Respiración rítmica y control del esfuerzo

La combinación de respiración profunda y rítmica también contribuye a mejorar la estabilidad del cuerpo durante la carrera. Cuando el corredor inhala, los músculos del core se activan y ayudan a estabilizar el tronco en cada impacto de la zancada. En cambio, la exhalación facilita la relajación del diafragma y libera la tensión acumulada.

Este patrón puede modificarse cuando la intensidad del entrenamiento aumenta. En sesiones más exigentes, algunos corredores optan por un ritmo de tres pasos, lo que permite sostener la ventilación adecuada durante esfuerzos más prolongados.

De acuerdo con el medio español ABC, entrenar de manera regular estas técnicas de respiración puede aumentar la tolerancia al ejercicio y mejorar la capacidad pulmonar con el paso del tiempo. La práctica constante ayuda además a disminuir la sensación de ahogo durante carreras de mayor duración.

Recomendaciones para quienes se inician en el running

Los especialistas aconsejan que las personas que comienzan a correr lo hagan de forma gradual, con trotes suaves y objetivos realistas. En esta etapa inicial, el foco debe estar en mantener una respiración cómoda y estable más que en alcanzar velocidades altas.

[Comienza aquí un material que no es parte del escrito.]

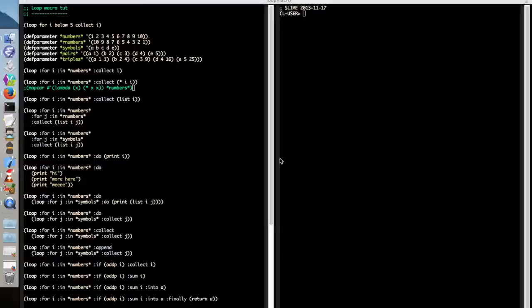Hi folks, this video is about CommonLisp's loop macro. The loop macro is one of the strange areas of CommonLisp.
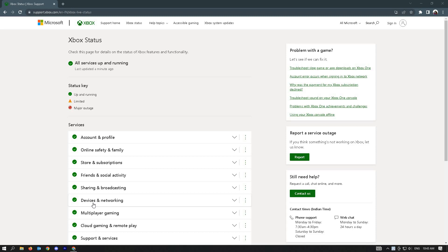If there are any ongoing outages or problems with Xbox, you just have to wait for it to be fixed by Microsoft. And once it's fixed, just try and check if that issue is still persisting on your end.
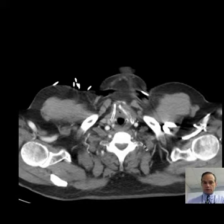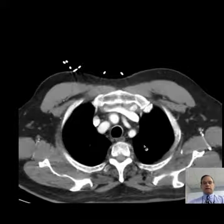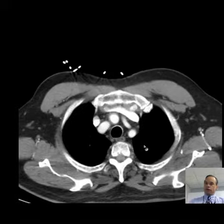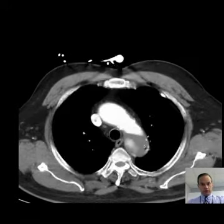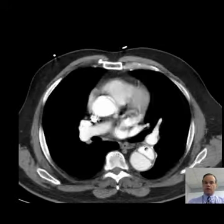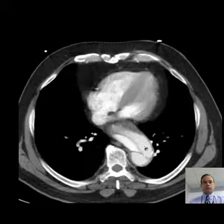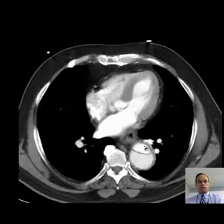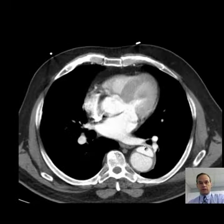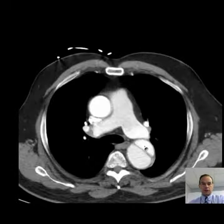Hello there, this is Dr. Mintz. I'm going to go through some cases for you. Here is a patient with an aortic dissection. Here we have an example of an aortic dissection.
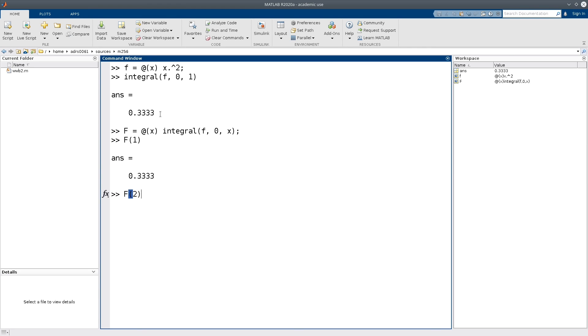But now we can also compute the definite integral on the interval 0, 2, for instance, which in this case is 2 and 2 thirds. And so on. We now can compute them all with very minimal effort.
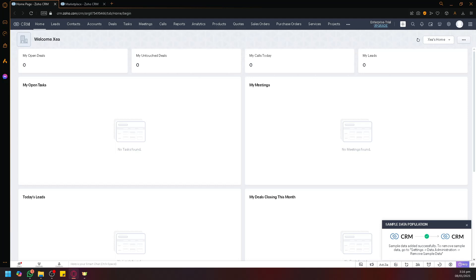In Zoho CRM you can actually integrate different platforms together with Zoho. To do that, you could go over here in their home page or any page actually, and look over here.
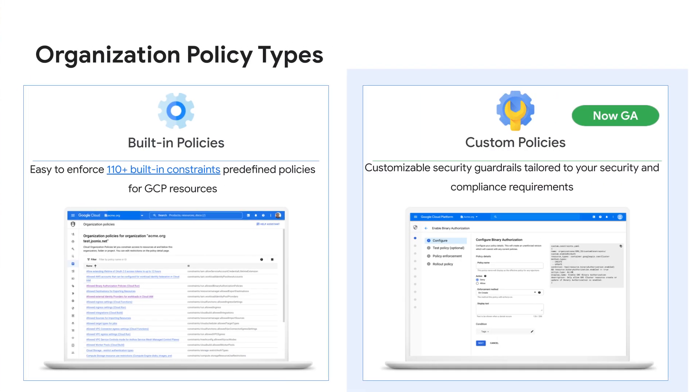Google Cloud offers around 110 built-in predefined policies that we have identified based on industry best practices, customer feedback, as well as red team findings, and have already codified so they are ready to use.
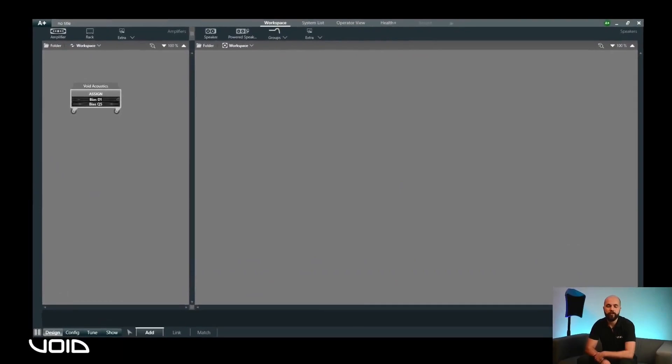For the purposes of this walkthrough, we are working in the live sound skin, however the implementation is identical between the live and the install skins. We will assume that the amplifiers have already been added to the workspace, which is covered in another video.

A medida que el corredor adquiere experiencia y controla mejor su respiración, puede incrementar la intensidad y duración de los entrenamientos. Los descansos adecuados y la atención a las señales del cuerpo también son factores clave para evitar lesiones.

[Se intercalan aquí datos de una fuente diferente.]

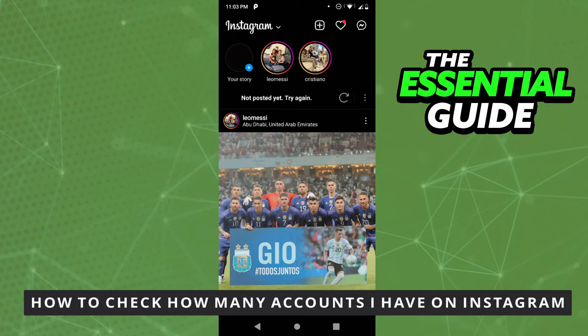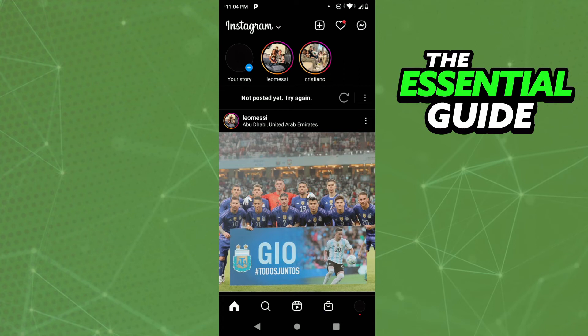The first thing you need to do, and this is very important, is to make sure your Instagram app on your cell phone is updated. This works for any device — Android, iPhone, or any other device — so don't worry about that.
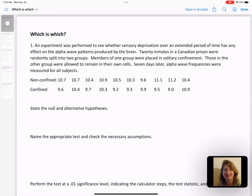Welcome to our 'which is which' activity video. We had five problems to solve where we had to decide what kind of hypothesis test or confidence interval we needed, and then work through every step of that hypothesis test and interval. We're going to start with number one. As I read through here, I always try to outline and underline important words that help me decide the type of test.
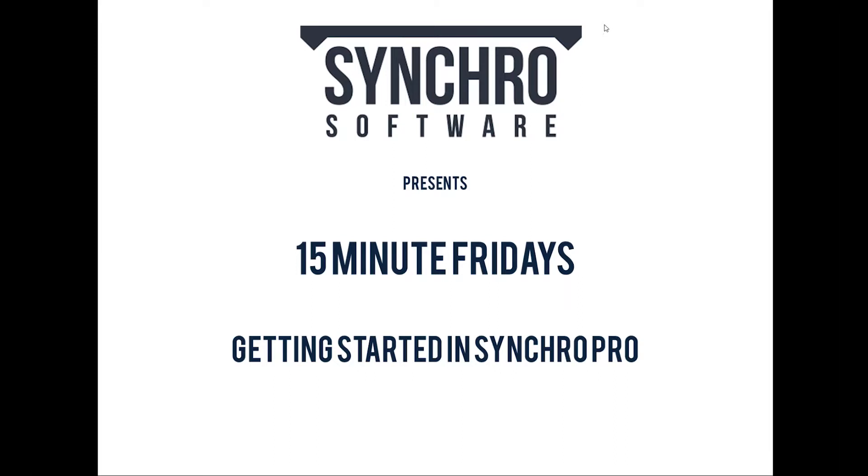Hello everyone! Welcome to 15-Minute Fridays with Synchro. We're going to be starting in just a few minutes. If anyone wants to test their audio, you can write in a comment or in the questions section and just let us know if the audio is working okay for you. That would be terrific.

Actividad física y enfermedades pulmonares

El ejercicio físico puede resultar beneficioso incluso para personas con afecciones respiratorias, siempre que se realice con la orientación médica correspondiente. La American Lung Association destaca que la actividad física regular forma parte de un estilo de vida saludable, también en pacientes con enfermedades pulmonares crónicas.

En estos casos, la intensidad y el tipo de ejercicio deben adaptarse a cada situación particular. Muchas personas participan en programas de rehabilitación pulmonar, donde aprenden técnicas de respiración seguras y efectivas bajo supervisión profesional.

El director médico de la organización, Dr. Albert Rizzo, recomienda realizar una evaluación médica antes de iniciar una rutina de ejercicio, especialmente para quienes tienen antecedentes de asma, enfisema o bronquitis crónica.

En definitiva, aprender a controlar la respiración puede transformar la experiencia de correr. La combinación de respiración abdominal y rítmica favorece una mejor oxigenación del organismo, aumenta la resistencia y permite practicar running de forma más segura, tanto en principiantes como en corredores experimentados.